Top of EXTRACTED RECORDS
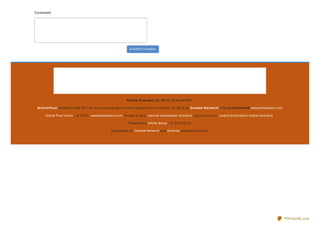 Co mment




                                                              Submit Comment




                                                            Frid ay, Fe b ruary 15, 2013, 04:46 am EST.

 Art icle Po o l (closed in late 2011 by the previous owners) has reopened on February 18, 2012 by O nwww N e t wo rk. Please b o o kmark www.articlepool.com

      Article Pool ez ine - © 2012 - www.articlepool.com. It used to be a manual submission directory, but now it is an instant publication article directory .

                                                             Powered by Article Setup - © 2011- 2012.

                                                 Sponsored by Onwww Network and Scientia academic journal.




                                                                                                                                                                  PDFmyURL.com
Bottom of EXTRACTED RECORDS
WORK TO BE COMPLETED: Please print each entry exactly as given and keep pictures out of it.

SOLUTION:
 Co mment




                                                              Submit Comment




                                                            Frid ay, Fe b ruary 15, 2013, 04:46 am EST.

 Art icle Po o l (closed in late 2011 by the previous owners) has reopened on February 18, 2012 by O nwww N e t wo rk. Please b o o kmark www.articlepool.com

      Article Pool ez ine - © 2012 - www.articlepool.com. It used to be a manual submission directory, but now it is an instant publication article directory .

                                                             Powered by Article Setup - © 2011- 2012.

                                                 Sponsored by Onwww Network and Scientia academic journal.




                                                                                                                                                                  PDFmyURL.com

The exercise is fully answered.